Work item: For this exercise, restate every line below word for word and drop the images.

=== Section Start ===

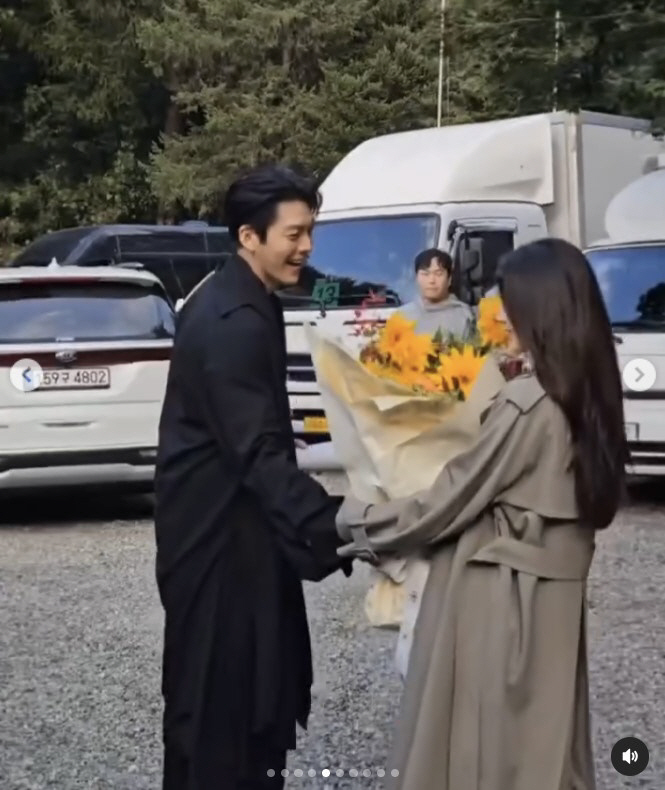 수지, 김우빈 생일 선물 공세에 "스윗"..♥신민아 질투할 듯
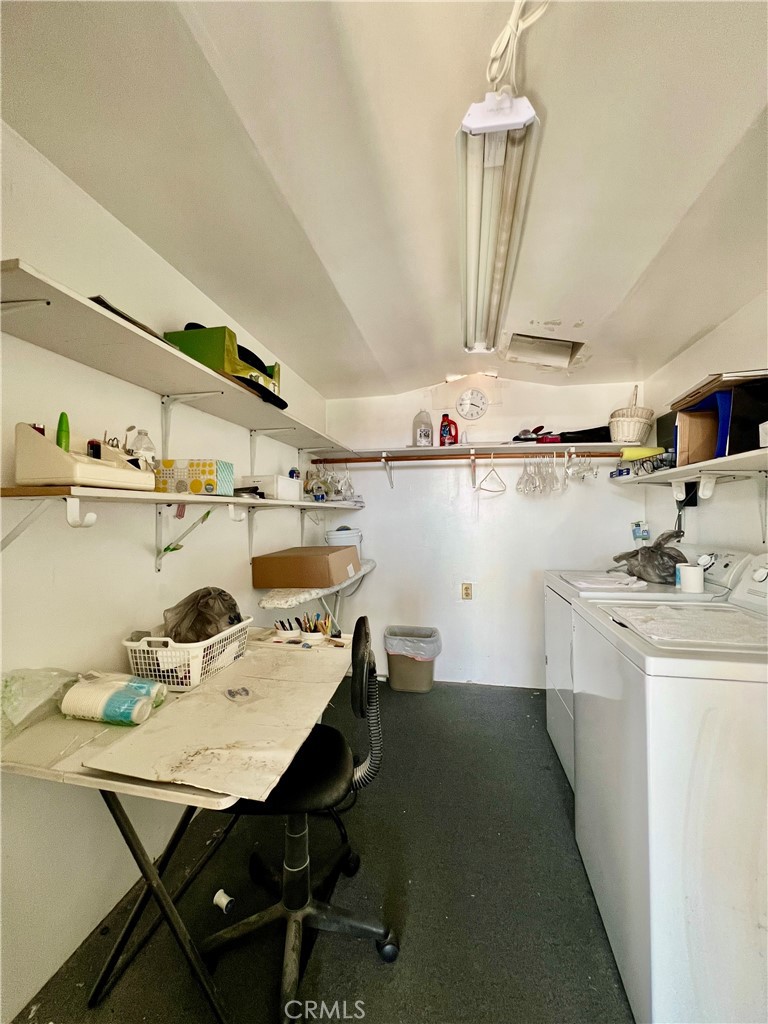 1295 S Cawston Avenue 118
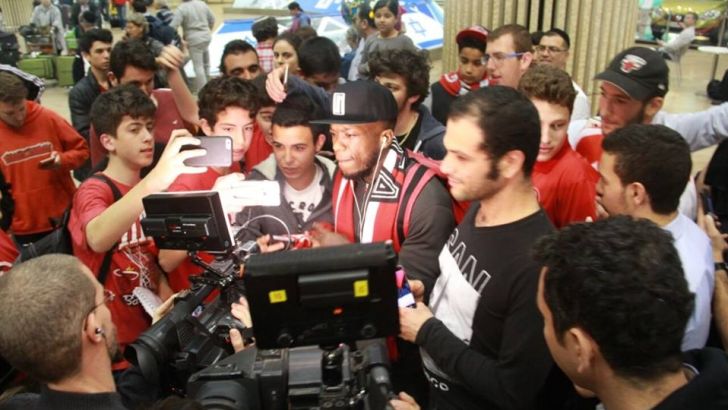 רובינסון. קצת עייף בגלל הג'ט לג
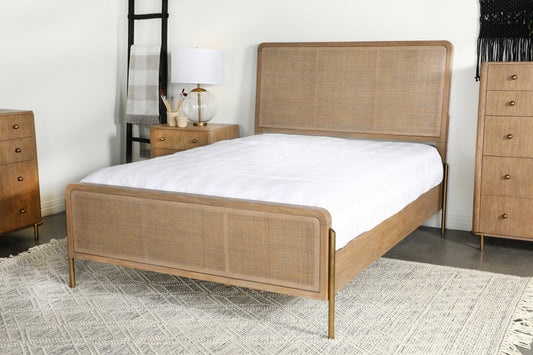 Arini Queen Bed 224300Q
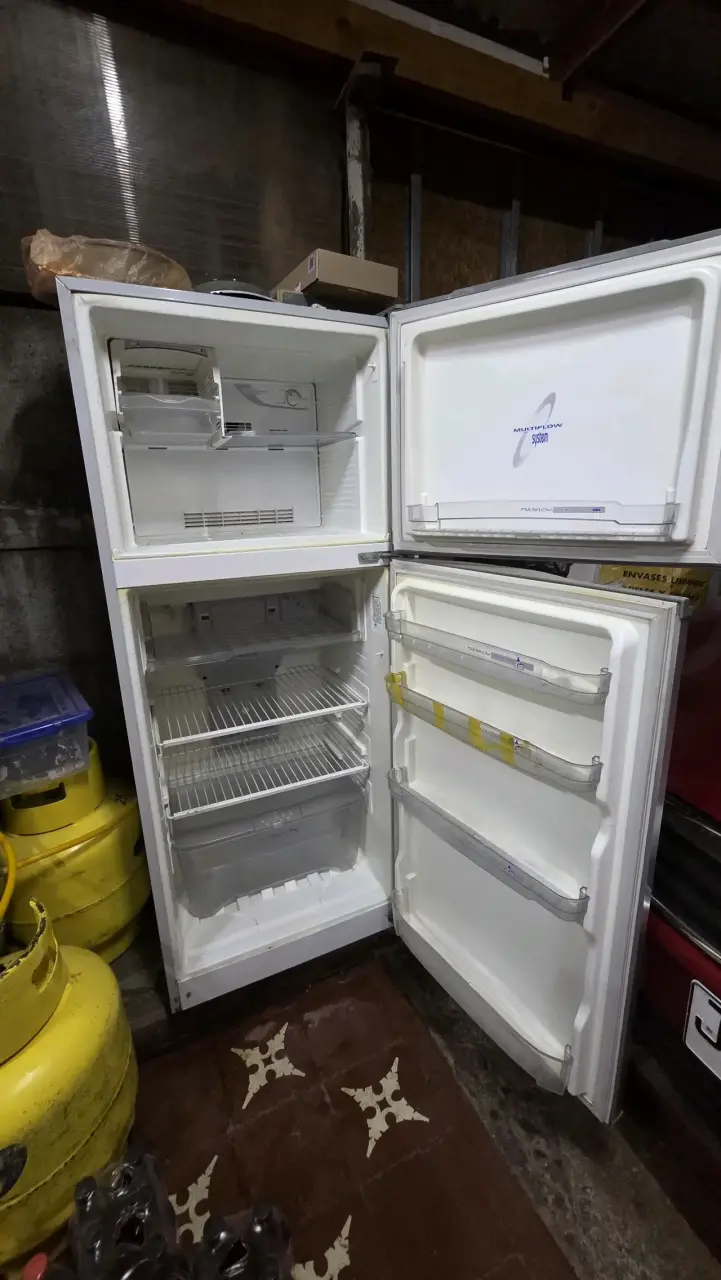 Refrigerador Mademsa de dos puertas en buen estado - 2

=== Section End ===

The completed task:
 수지, 김우빈 생일 선물 공세에 "스윗"..♥신민아 질투할 듯
 1295 S Cawston Avenue 118
 רובינסון. קצת עייף בגלל הג'ט לג
 Arini Queen Bed 224300Q
 Refrigerador Mademsa de dos puertas en buen estado - 2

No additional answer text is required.